R: Shahid Shaykh Yassin era un uomo anziano, un sapiente religioso, paralizzato su una sedia a rotelle, il cui solo crimine era quello di pensare. Il suo martirio dimostra che Israele ed i suoi strenui difensori non tollerano il libero pensare. L’Occidente utilizza ripetutamente parole quali “democrazia”, “libertà”, “tolleranza” e ciò mostra soltanto il potere della propaganda: cosa significa lottare contro la pena di morte, contro gli Stati che la applicano, se poi si uccide in strada un uomo paralitico che non ha commesso alcun atto etichettabile come “terroristico”?


2) Come ha reagito la sua comunità a tale notizia, quali sono le preoccupazioni e le reazioni maggiori?

R: I nostri fratelli e le nostre sorelle sono ben coscienti di come sia impossibile soltanto pensare di dialogare o avere rapporti con un’entità che dibatte pubblicamente, anche in parlamento, sull’uccisione o meno dei propri avversari politici. Il vile omicidio di Shaykh Yassin non fa che rafforzare questa nostra convinzione, ovvero che con simili criminali non vi è alcun motivo per trattare.


3) Siete stati attaccati per esservi pronunciati contro tale assassinio. Come interpreta ciò?

R: Non possiamo pretendere che la stampa italiana, che tranne rarissime e lodevoli eccezioni, è totalmente schierata al fianco di Israele, possa attribuire validità a quanto da noi scritto o conferirci una ‘riconoscimento’ che peraltro non vogliamo affatto.
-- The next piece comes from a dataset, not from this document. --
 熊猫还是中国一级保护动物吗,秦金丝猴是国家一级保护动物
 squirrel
Non sarebbe per noi sorprendente se - vista la sincronia con cui si muovono all’unisono i vari quotidiani, riviste e tv sulla situazione palestinese in particolare e l’Islam in generale - costoro ricevano veline da qualche istituzione semi-occulta.


4) Che ripercussioni crede che avrà per le vostre posizioni?
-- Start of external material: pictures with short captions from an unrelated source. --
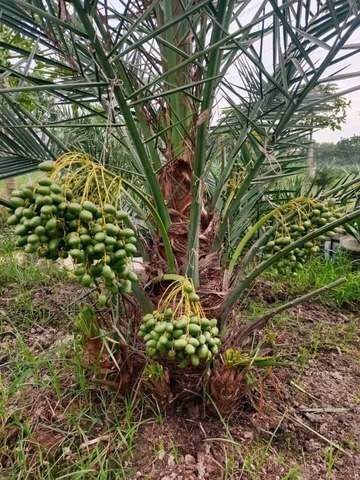 মরিয়ম খেজুর_img_1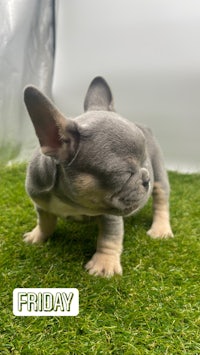 a french bulldog puppy standing on grass with the text friday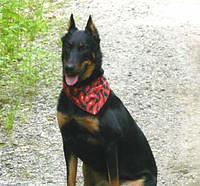 beaucerons
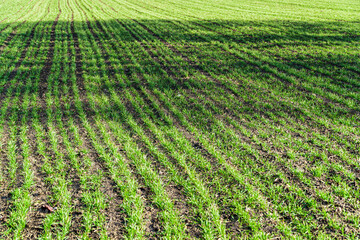 Fototapeta na wymiar Young green sprouts wheat on the field. Young green sprouts line. Green wheat growing in soil under the rays of the sun.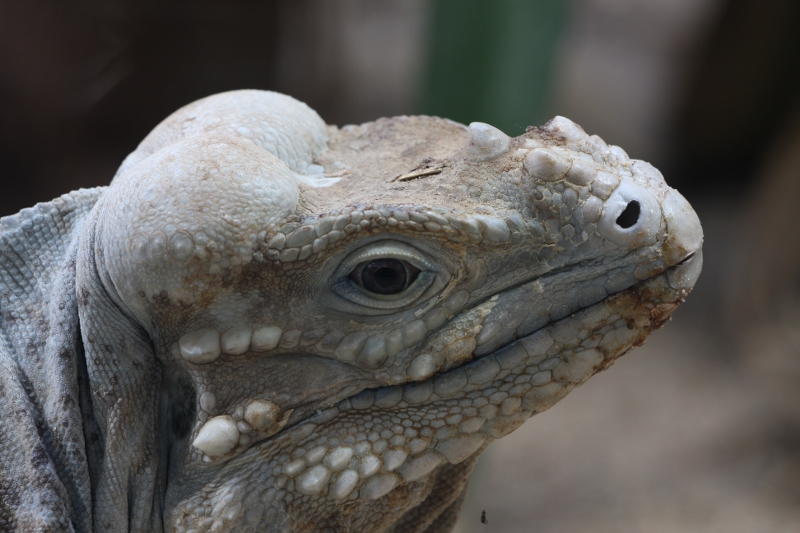 NashornLeguan2.JPG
R: Non avrà alcuna ripercussione. Non è la prima volta che accade, non sarà l’ultima, ma come sempre abbiamo fatto, non cambieremo neanche di un centimetro la nostra posizione. Noi pensiamo che il popolo palestinese abbia diritto ad avere uno Stato su tutta la Palestina, così come questa era intesa fino al 1948, e non soltanto sui ‘territori occupati’ nel 1967.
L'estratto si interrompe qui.